Mohammed Reza Pahlevi, the handsome, greying Shah of Iran, stepped from the plane one day last week, exchanged greetings with Italy's President Giovanni Gronchi, Premier Amintore Fanfani and six Cabinet ministers.

A small cluster of Iranian citizens resident in Italy set up a shout of "Zendibad Shahanshah [Long live the King of Kings]!" The Shah made a the brief speech commenting on the good relations between Italy and Iran, which, he said, "were reinforced by the oil agreement." Oil and the influence of the Shah are perhaps the two most important factors in the slow but certain awakening of the Iranian nation from the sleep of decadent centuries.

Fight Against Corruption

Without its oil, pouring from the ground at a rate of 1,000,000 barrels a day and earning the nation an estimated $250 million this year, Iran would simply be another semi-arid pastoral and agricultural nation like its neighbor Afghanistan. Without the special qualities of its 19 million people, who have been taught cleverness and patience by history, are generally more devoted to their kinsmen than their nation, and are suspicious of every move by those in power, Iran would be an easier country to govern. For example, Iranian slum dwellers have been known to refuse to move into newly completed low-cost housing because they were sure that there must be a trick to it.

In the Shah's absence in Europe, his Prime Minister Manouchehr Eghbal last week rammed through the docile Majlis the Shah's anticorruption bill which requires all government officials, civil or military, to file an inventory of their properties, as well as those of their wives and children. An earlier bill forbade ministers, government officials, Deputies, Senators or members of the royal family from dealing in any way with companies having or seeking contracts from the government.

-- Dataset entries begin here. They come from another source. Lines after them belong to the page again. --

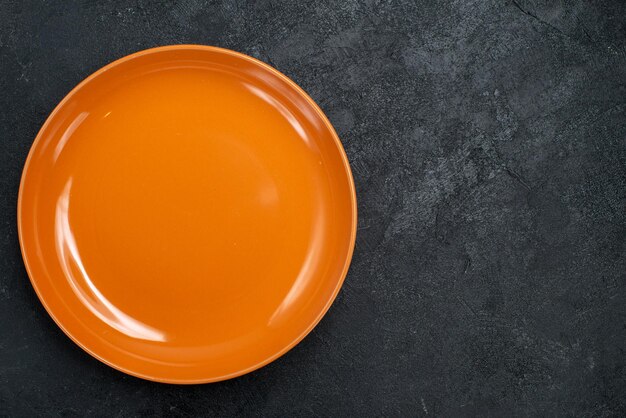 Vue de dessus en verre plat orange vide fabriqué sur la surface sombre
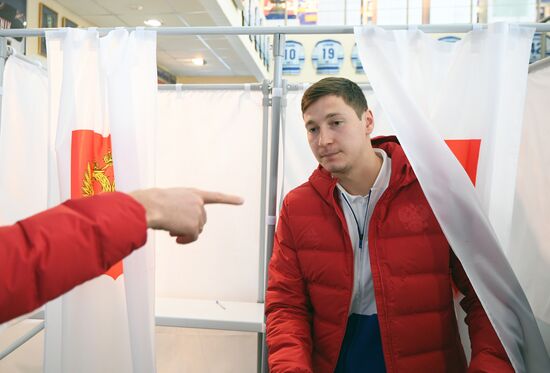 Members of Russian national football team vote at Russian presidential election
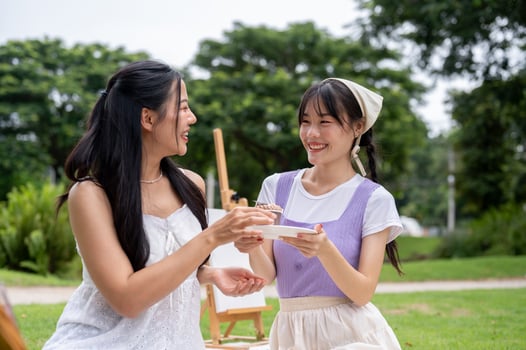 Two pretty and positive young Asian women are enjoying a picnic together in a green park. photo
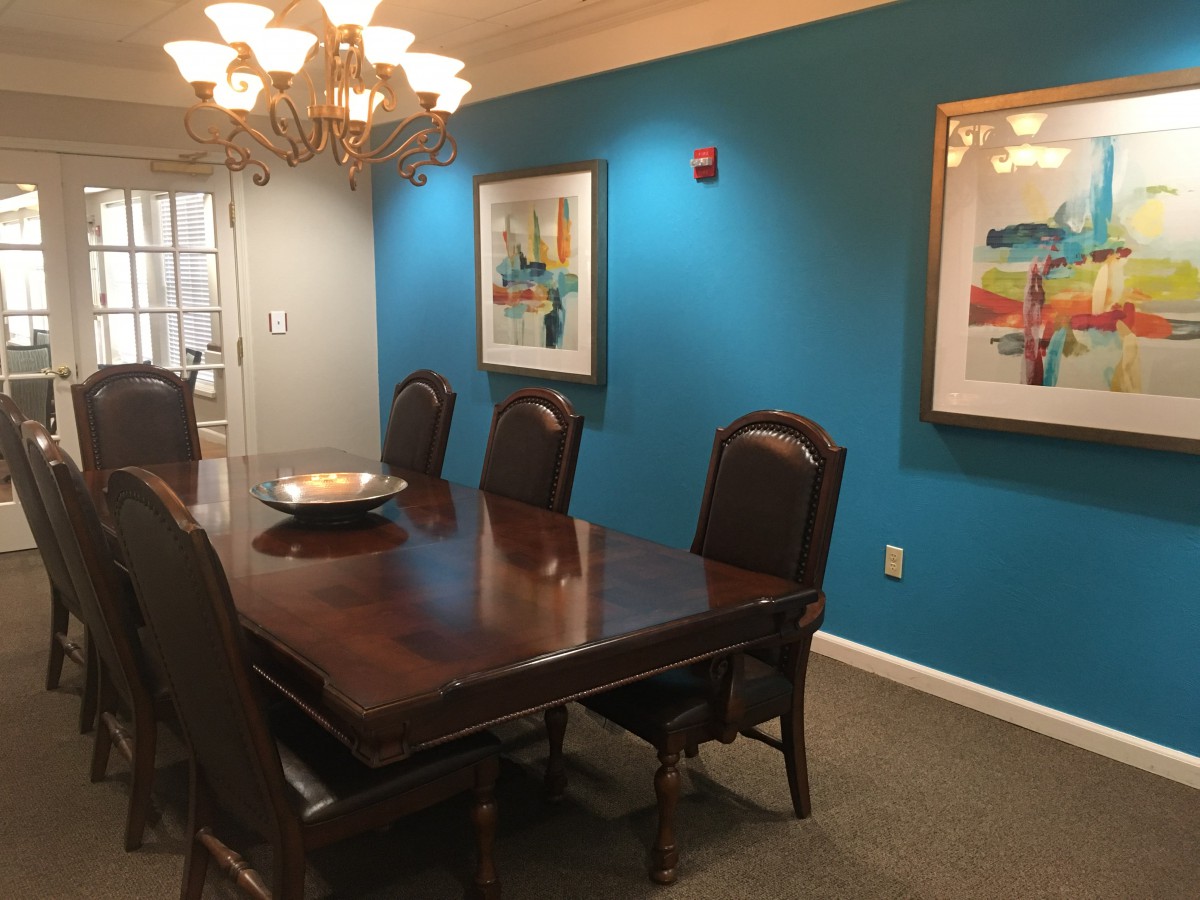 A cozy dining room featuring a wooden table, elegant chairs, and vibrant blue walls adorned with artwork.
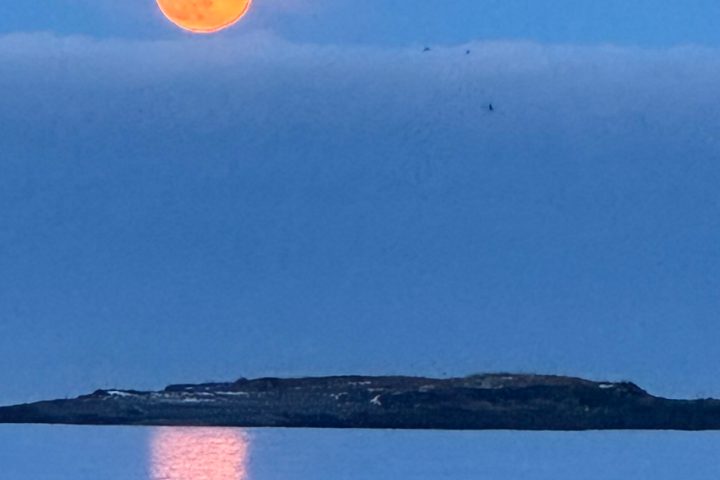 moon over a body of water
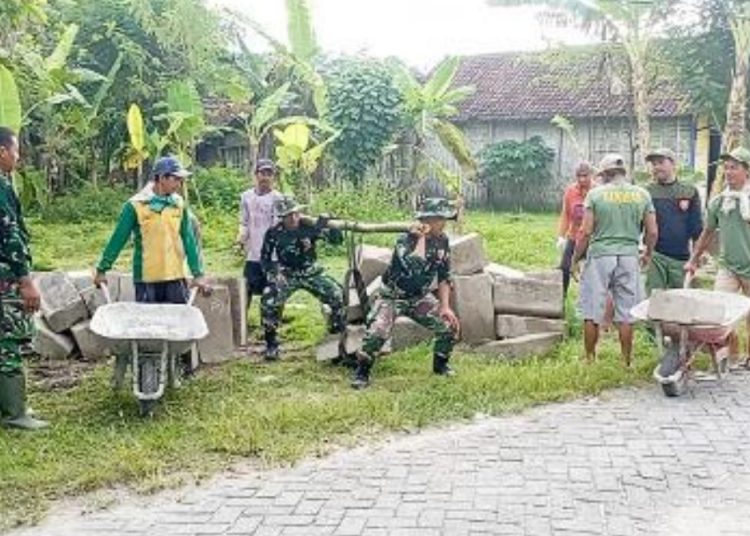 Babinsa Koramil 09/Sumberrejo, Kodim 0813 Bojonegoro melaksanakan karya bakti memperbaiki jalan di RT 013/RW 003 Desa Karangdowo.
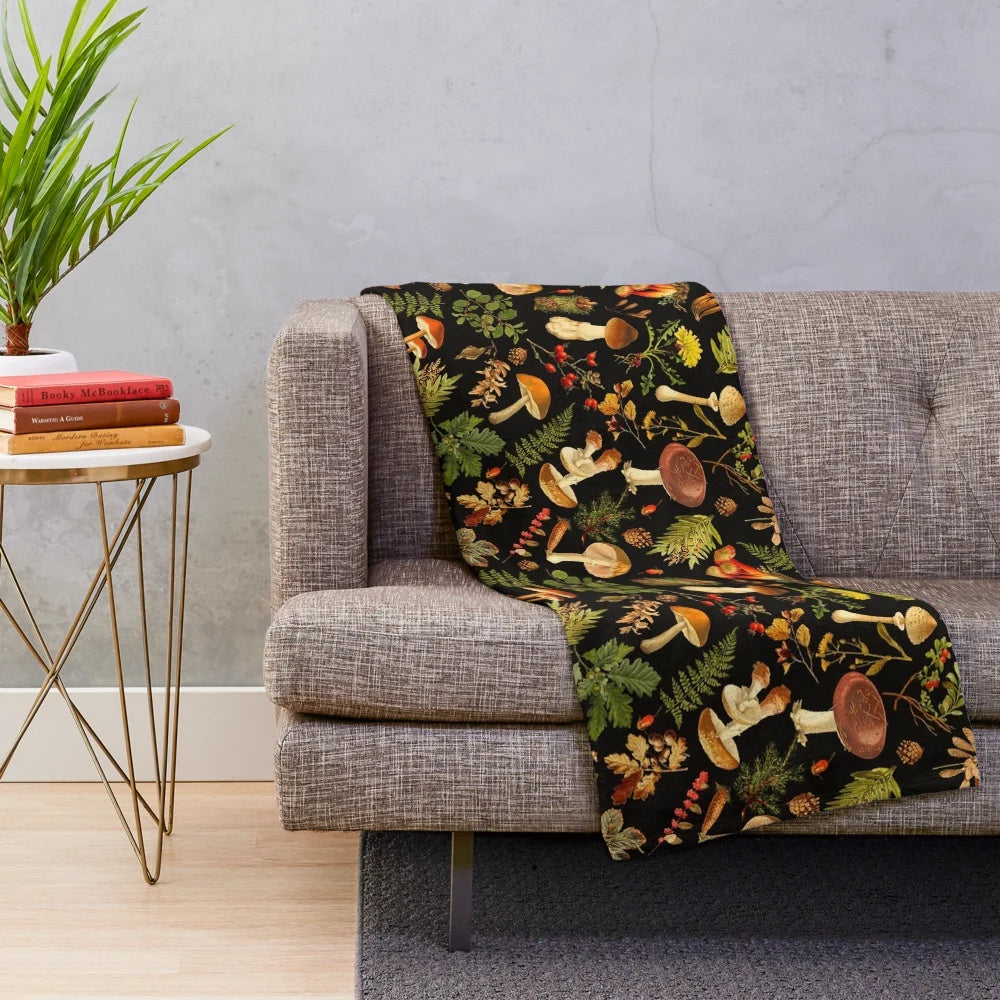 Vintage botanical pattern with psychedelic mushrooms on a black plush blanket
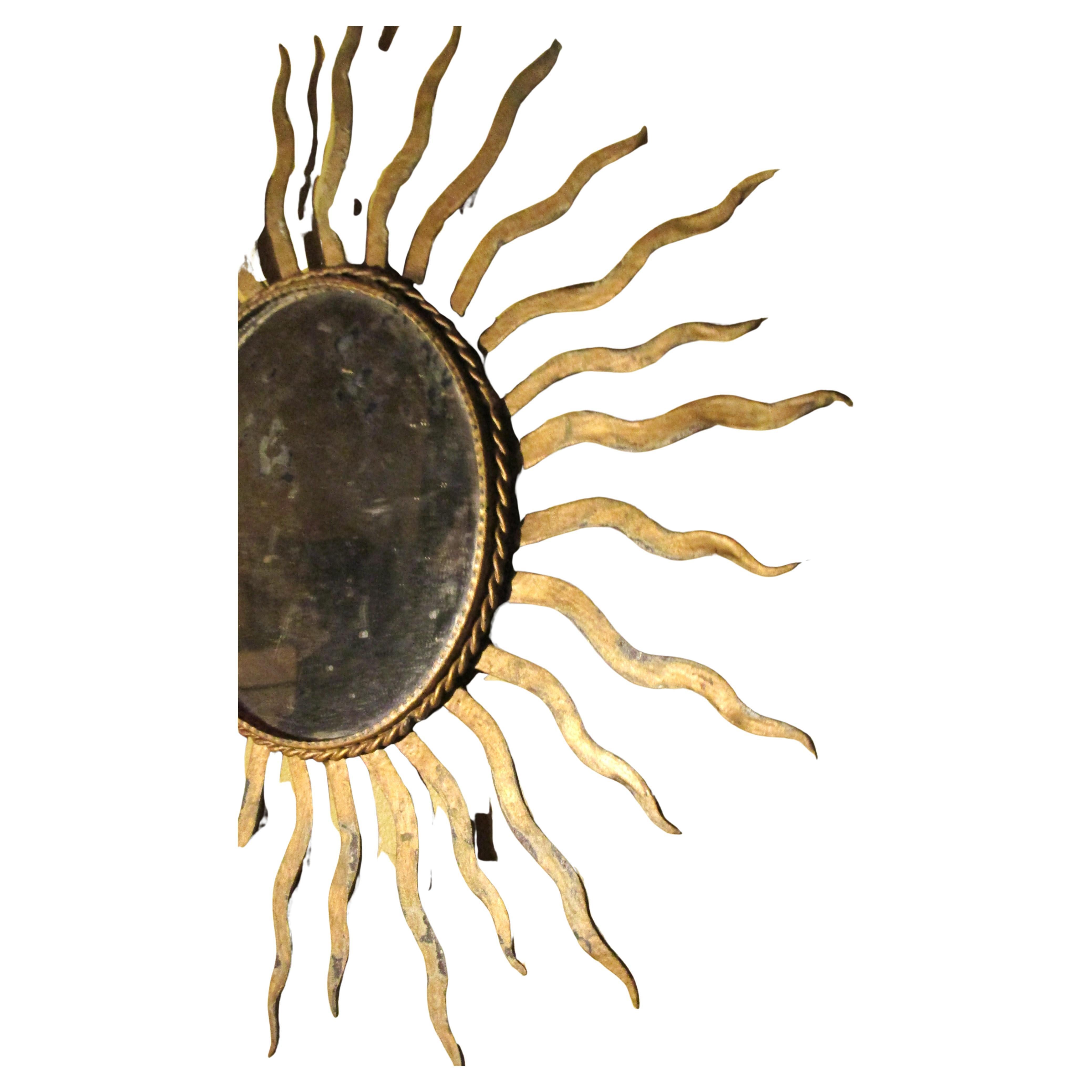 Beveled Antique Gilded Iron Sunburst Mirror For Sale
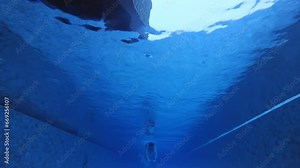 Slow motion of sportsman approaching in butterfly style from one end of swimming pool. Caucasian athlete in googles and special swimwear trains in water. Aqua exercising for being healthy and strong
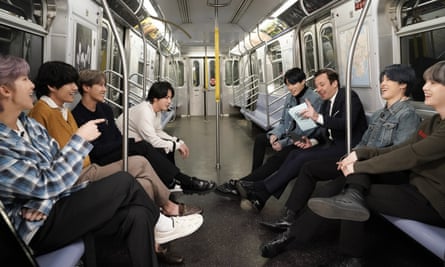 Western view … Jimmy Fallon interviews BTS on New York’s subway for The Tonight Show last February.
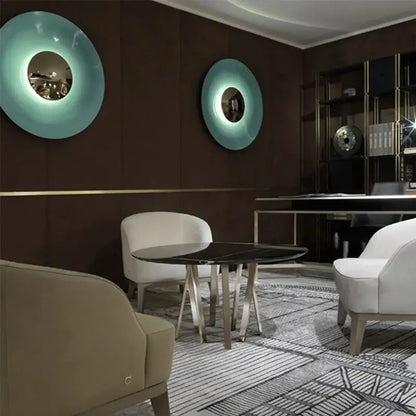 Two teal glossy circular led ufo wall sconces with reflective centers for modern bedroom ambiance lighting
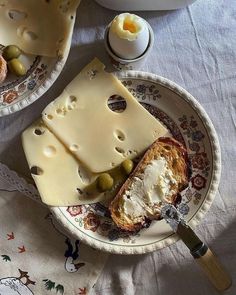 two plates with different types of cheese and bread on them, one has olives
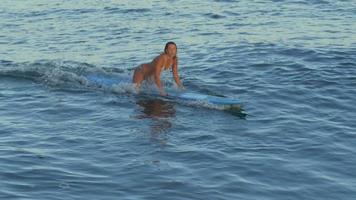 uma jovem surfando de biquíni em uma prancha de surfe longboard.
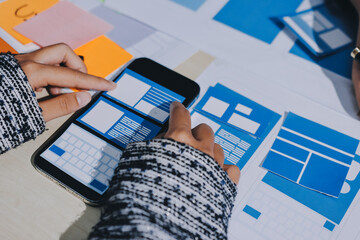 Group of young application developers analyzing uxui mobile app templates during a working meeting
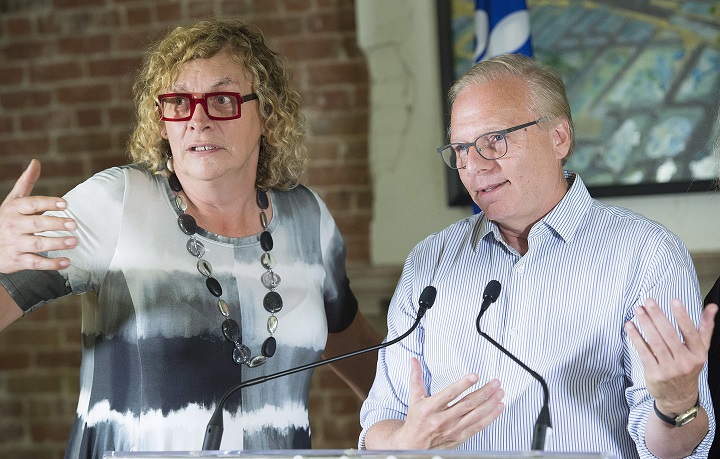 Parti Québécois Leader Jean-François Lisée and candidate Michelle Blanc speak to reporters during a campaign stop in Montreal, Saturday, September 15, 2018. 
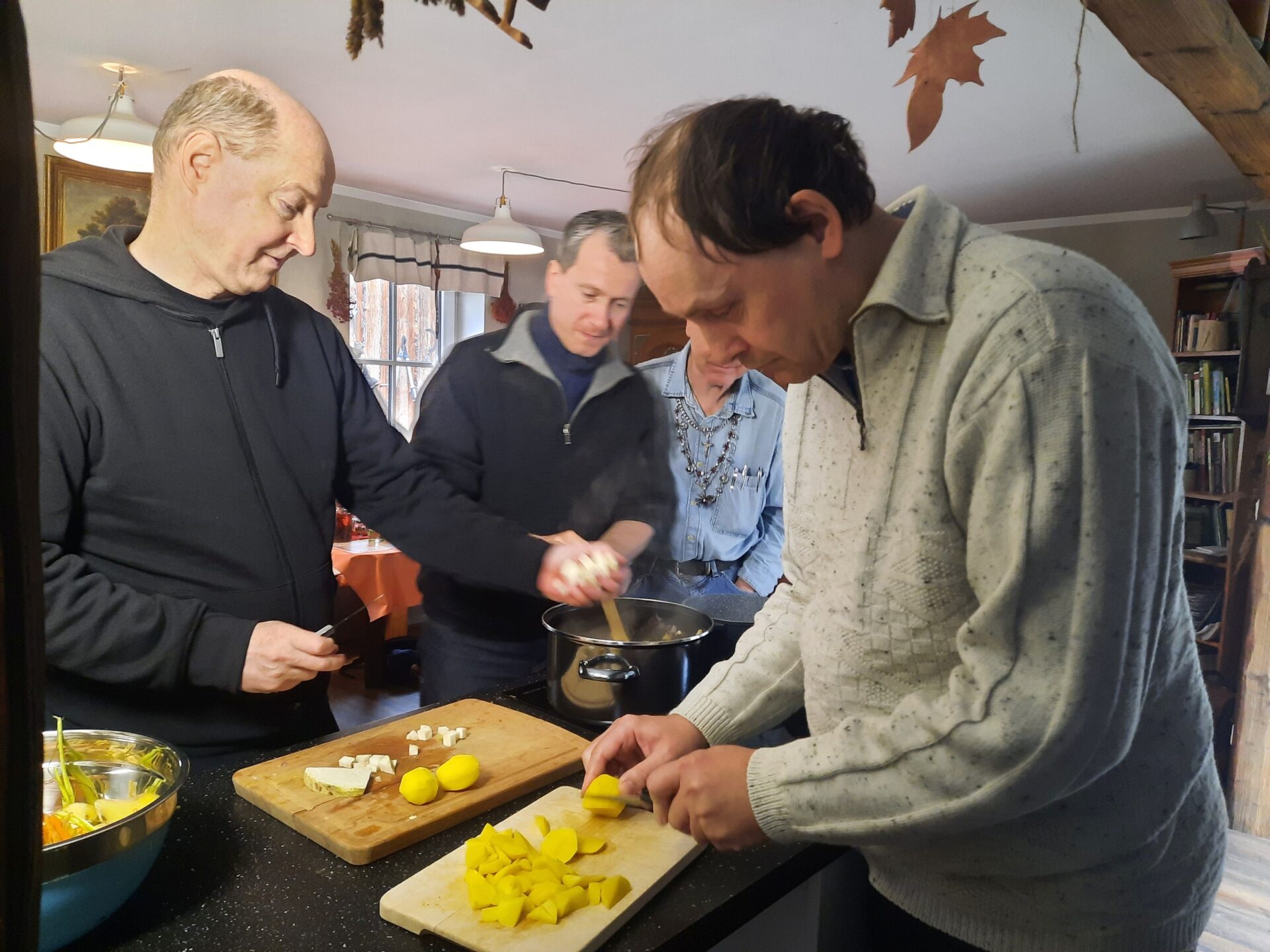 drei Menschen beim Kartoffeln schälen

A skeptical public waits to see whether anything will happen. The Shah is considered personally honest. The Queen Mother, Tajul-Moluk, and the Shah's twin sister, sinuous Princess Ashraf, are acknowledged to have great commercial acumen. When, last month, Princess Ashraf was caught by French customs officials as she left France with 800,000 francs in her handbag after declaring only 10,000, many wondered how this could happen to so wealthy a woman. Cracked an old Teheran hand: "Probably habit."